* [Goal of the exercise] Print all of the data exactly, but drop the pictures.

* [Information]
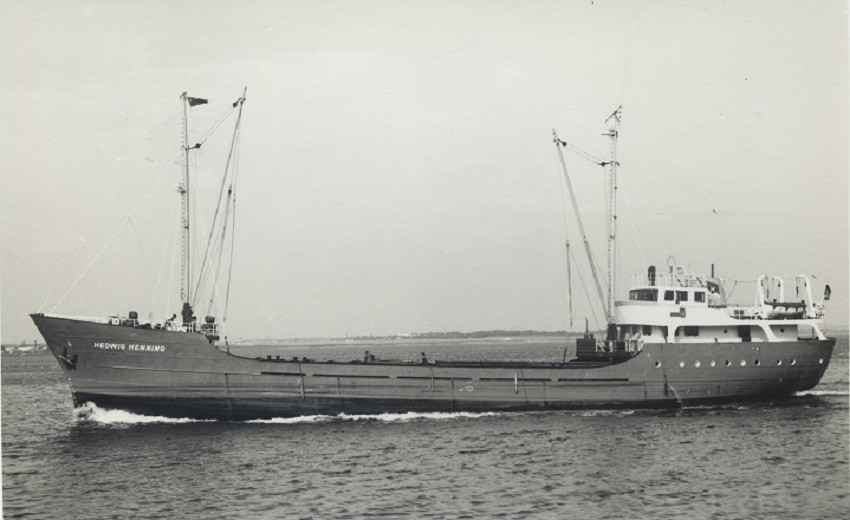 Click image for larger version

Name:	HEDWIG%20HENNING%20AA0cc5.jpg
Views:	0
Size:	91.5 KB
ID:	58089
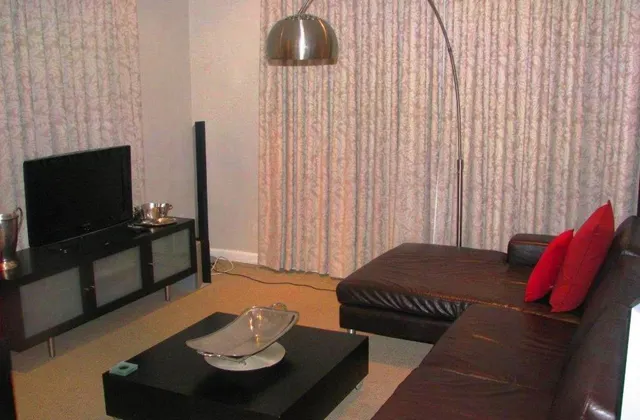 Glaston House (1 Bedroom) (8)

* [Result of this exercise]
 Click image for larger version

Name:	HEDWIG%20HENNING%20AA0cc5.jpg
Views:	0
Size:	91.5 KB
ID:	58089
 Glaston House (1 Bedroom) (8)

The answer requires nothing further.